Week 6 was marked by considerable debate time with debate into the late evening Tuesday and Wednesday nights on House File 291, Collective Bargaining Reform. On Thursday, with roughly four amendments completed and eighty more amendments still to go the speaker called for a "time certain" resolution to end debate at noon on Thursday. After that time, the House voted on the remaining amendments without debate, finishing the bill at 1:46 PM.
This was a very contentious bill. Committee meetings drew huge crowds including a public hearing on Monday night attended by hundreds, debate also drew a large crowd in the gallery.
This bill (which I've summarized in my previous newsletter) dealt with how our public sector unions and their employers, the state agencies, counties, cities, and school districts, will negotiate future contracts. Many of the provisions in this bill have been issues brought to me over the years by school board members, school administrators, and many constituents. For example, one of the issues that I heard about often was the time and cost it took to fire an underperforming employee, frequently a teacher. The process under the previous law would take from one to three years, and cost in excess of $40,000 for mediators, legal fees, and other costs. This bill reformed that process so it can be faster and less expensive for our school districts to remove an underperforming employee. There are many other common sense provisions in this bill.
State Rep. Dean Fisher
With an amendment to the bill that corrected some obvious errors and took into account some of the concerns expressed by the opponents, I was able to support the bill and voted for it on the House floor. It passed 53 to 47 in the House and passed the Senate shortly afterwards. The Governor signed the bill today and has been enacted immediately. Contract negotiations in process will need to reflect the new law.

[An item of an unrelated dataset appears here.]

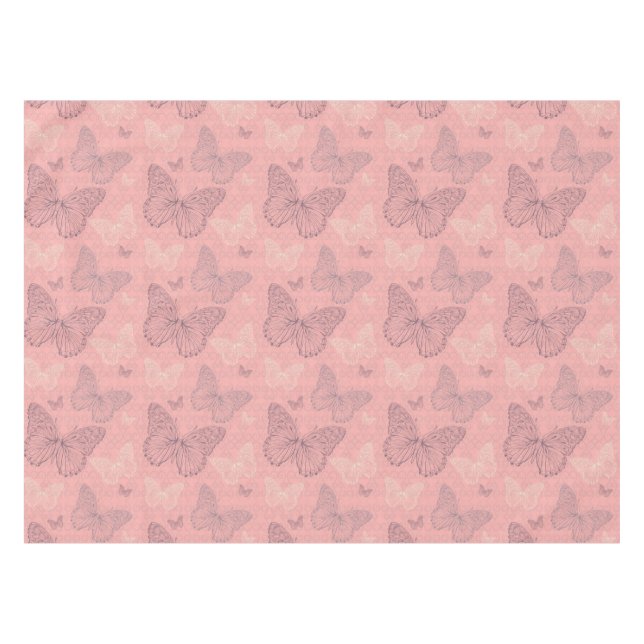 The Butterfly Pink Tablecloth (Front (Horizontal))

I believe strongly that this bill will provide some much needed balance as new contracts are negotiated. It will reduce the influence of the Iowa State Education Association on school contracts, leaving the local school boards with more power to define the terms. It will give school administrators more leeway in setting salaries so that a teacher with harder to find skills, perhaps a science teacher, can be offered a higher pay to attract them to the school, or to offer merit pay to high performing teachers.
One provision that I think is particularly significant is that It will require each bargaining unit to vote on whether or not the unit should be unionized or not prior to any contract renewal. Many of these bargaining units, such as a school district, haven't voted on whether they should be in the union or not for decades, many of the persons covered by the bargaining unit weren't even born when the last vote was held. Under the new law the vote will require a majority of those included in the bargaining unit, not just a majority of the union members. This is only fair since the union insists that their contract cover non-members. There are some school districts that have as few as five ISEA members out of over fifty persons in the bargaining unit, and they haven't had a vote to organize in decades. Clearly that has to change. This bill will correct those imbalances.